WhatsApp se blinde de nouvelles fonctionnalités de sécurité et prépare un bouleversement majeur : la fin du numéro de téléphone comme identifiant principal. Ces changements, qui s’étendront progressivement aux 2 milliards d’utilisateurs européens, visent à contrer les critiques sur la protection des données et à s’adapter aux nouvelles réglementations européennes.
L’application de messagerie déploie un arsenal de mesures pour renforcer la confidentialité de ses utilisateurs. Un « mode de verrouillage » en phase de test offre une protection accrue aux personnes particulièrement exposées, comme les journalistes, les militants ou les personnalités publiques. Une fois activé, ce mode isole radicalement l’utilisateur : les médias et pièces jointes provenant de numéros inconnus sont bloqués, les aperçus de liens désactivés, et les appels d’inconnus sont automatiquement coupés. L’authentification à deux facteurs est activée, et la photo de profil ainsi que le statut de « dernière connexion » sont masqués aux contacts non enregistrés.

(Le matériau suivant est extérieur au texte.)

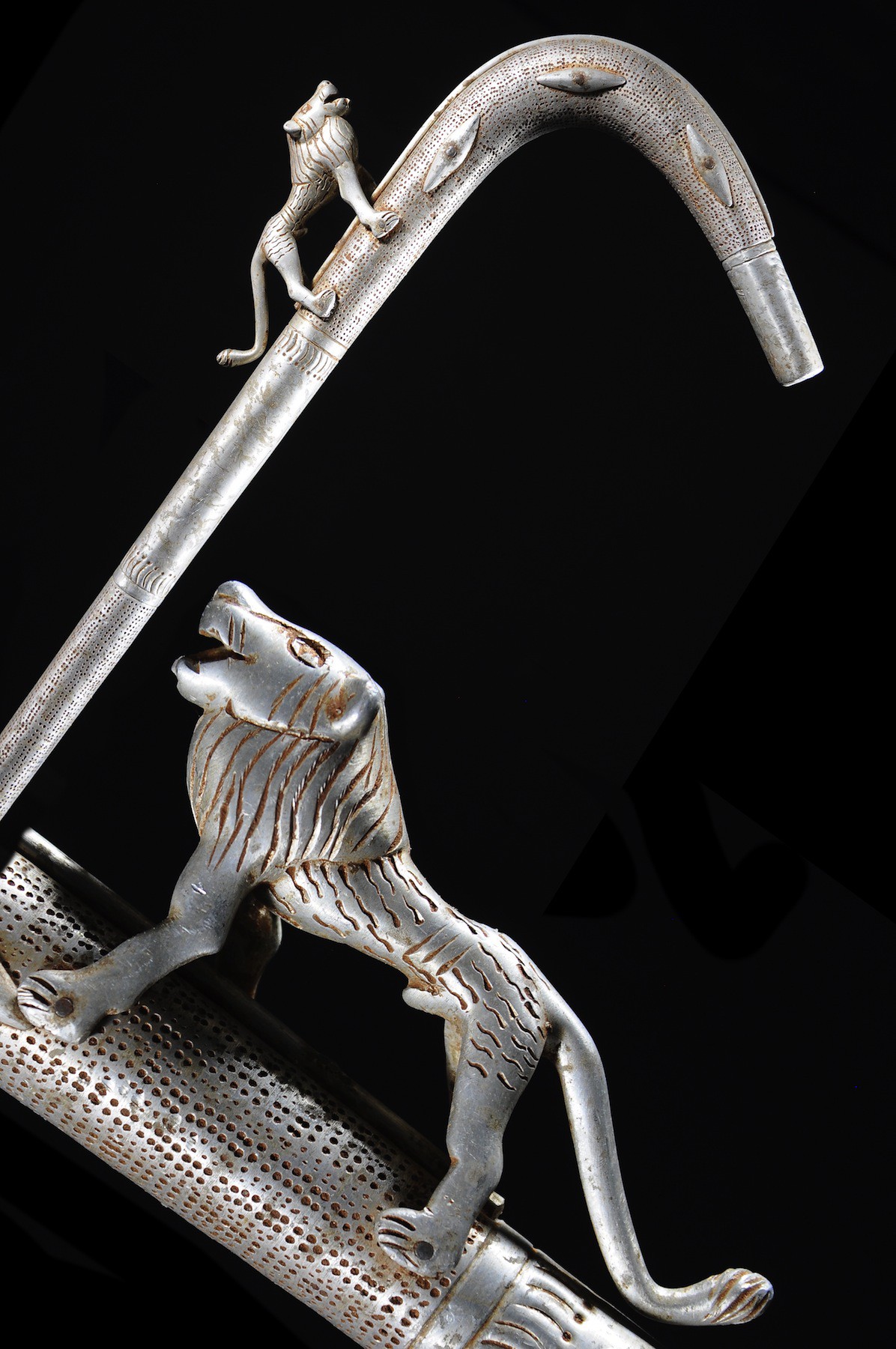 Recade royale en aluminium - Fon - Benin - Objets de regalia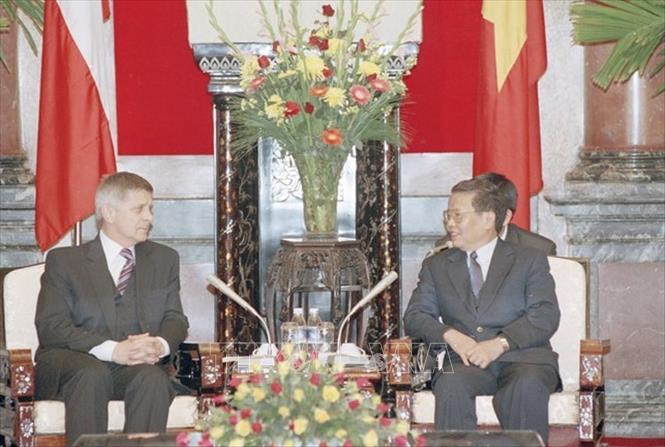 Trong ảnh: Tổng Bí thư Nông Đức Mạnh tiếp Thủ tướng Ba Lan Marek Belka thăm Việt Nam (17/1/2005). Ảnh: Nhan Sáng - TTXVN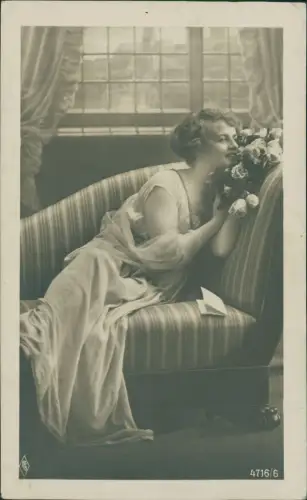 Ansichtskarte  Fotokunst schöne Frau im Kleid Lasziv auf Sofa Rosen 1912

Parallèlement, WhatsApp teste un système de filtrage des messages entrants inspiré d’Instagram. Les messages provenant d’expéditeurs inconnus seront triés dans un dossier « Demandes », permettant aux utilisateurs de les consulter, de les supprimer ou de bloquer sans que l’expéditeur ne soit informé de leur lecture. Cette fonctionnalité vise à réduire le spam et à faciliter la gestion des contacts indésirables.
Mais le changement le plus significatif est l’introduction progressive des noms d’utilisateur, prévue pour 2026. D’ici là, les utilisateurs pourront utiliser WhatsApp sans révéler leur numéro de téléphone, une rupture fondamentale avec le système actuel. Les entreprises ont jusqu’en juin 2026 pour adapter leurs systèmes à ce nouvel identifiant unique, le « Business-Scoped User ID » (BSUID), qui remplacera le numéro de téléphone dans les communications avec les clients.
Cette transformation s’inscrit dans un contexte réglementaire européen particulier. La loi sur les marchés numériques oblige WhatsApp à ouvrir sa plateforme à des services de messagerie concurrents. La phase bêta de cette interopérabilité a débuté cette semaine, mais pour l’instant, seuls les utilisateurs de BirdyChat, un messager de niche, peuvent communiquer avec les utilisateurs de WhatsApp. Les conversations avec d’autres plateformes se déroulent dans une boîte de réception séparée et ne prennent en charge que les fonctions de base (texte, photos, vidéos, messages vocaux). Le chiffrement de bout en bout devrait toutefois être maintenu au-delà des frontières des plateformes, bien que sa mise en œuvre technique reste un défi.
WhatsApp ne prévoit pas d’étendre cette ouverture à l’échelle mondiale, craignant une perte d’utilisateurs.
Enfin, les utilisateurs d’Apple pourront se réjouir : l’application Apple Watch tant attendue sera disponible le 4 novembre 2025. Elle permettra de lire et de répondre aux messages directement depuis leur montre connectée, une fonctionnalité longtemps demandée par les utilisateurs d’iPhone.
Cette série de mises à jour témoigne de la volonté de WhatsApp de renforcer sa position face à la concurrence, notamment Signal, qui est souvent salué pour son engagement en matière de protection des données. L’avenir dira si ces nouvelles fonctionnalités parviendront à changer l’image de WhatsApp et à rassurer les utilisateurs soucieux de leur vie privée.